Meanwhile, if I had a martini and half a bottle of wine, it's anyone's guess what critiques of academia I might come up with. (In all likelihood, none, because critiquing academia from a coma is, I'd imagine, kind of difficult.)

Friday, March 09, 2012

WWPD's weekend "Lifestyle" section

-The food movement is full of paradoxes and contradictions. On the one hand, we are asked to avoid processed foods, added sweeteners, and so on. On the other, we are to shun all produce that is not both seasonal and local (gar!), when for most of us, and that includes yours truly, even if you've got access to supermarkets including Whole Foods, itself a big "if," produce comes from all over the place, but rarely, in many regions, from nearby. (Or: I could buy a car and drive around to the farms in our area. And there are plenty of farms. But how "green" would that be?) On the one hand, we're to eat real foods. On the other, Mark Bittman wants us to eat fake meat. What gives?

-Stop the presses: an H&M model is looking worryingly thin. "Some observers have criticised the choice of styling and make up for the model, saying that her pale complexion, hollowed cheeks, dark eyes and unkempt hair make her look yet more unhealthy." Thanks! Some of us have pale skin, dark eyes, and unruly hair because that's the way it is. Of course, if that look is in this season, I'm not complaining. 

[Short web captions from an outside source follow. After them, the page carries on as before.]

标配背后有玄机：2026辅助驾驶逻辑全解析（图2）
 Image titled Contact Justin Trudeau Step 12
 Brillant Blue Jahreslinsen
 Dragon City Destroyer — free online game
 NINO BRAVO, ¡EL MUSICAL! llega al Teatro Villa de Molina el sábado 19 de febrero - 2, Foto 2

-How's this for an aesthetic vision for a high-fashion runway show? "I wanted to depersonalize the girls, completely." How was this accomplished? By putting all the models in identical, platinum-blond, pin-straight wigs, and "it’s all about alabaster skin [.]" Of course it is. 

My aspirational pants

Thanks Whitney! Mom jeans are back, after all. In the words of His Sartorialousness:

Trust me, French young ladies are still the ones to look to for the most aspirational new trends. The newest thing I’ve seen in the streets here in Paris are straight, wide leg jeans. Not flared or oversized jeans, but jeans with a wide leg hemmed right at the ankle and reasonably fitted at the waist. It seems simple, but in order to work the look just right the eye will have to adjust to this new proportion.
Trust me, folks. WWPD is your source for what the cool kids in Paris and Milan will be wearing. For reasons I myself can't figure out, it all starts here, in semi-rural Central NJ. "Sart" only posted this on March 6th, whereas my own "aspirational" pants arrived on February 24th. He totally saw me walking Bisou through the scientist housing complex and was like, yes, this is the new look for spring, but let me quickly Photoshop it onto some Parisiennes.

Thursday, March 08, 2012

Johan the Plumber

When the rest of socially-liberal American womankind was still worried that we were looking at a Santorum presidency (or are we still?), I wasn’t too personally concerned - concerned, yes, but not for myself - because I had the good sense to marry a bona fide EU citizen. If the Santorum were to hit the fan, I’d have an out. Yes, liberals hated Bush and threated to leave the country on account of him. But this time it’s gender-specific. Liberals don’t fear Santorum. Liberal women (and gays, obviously) do.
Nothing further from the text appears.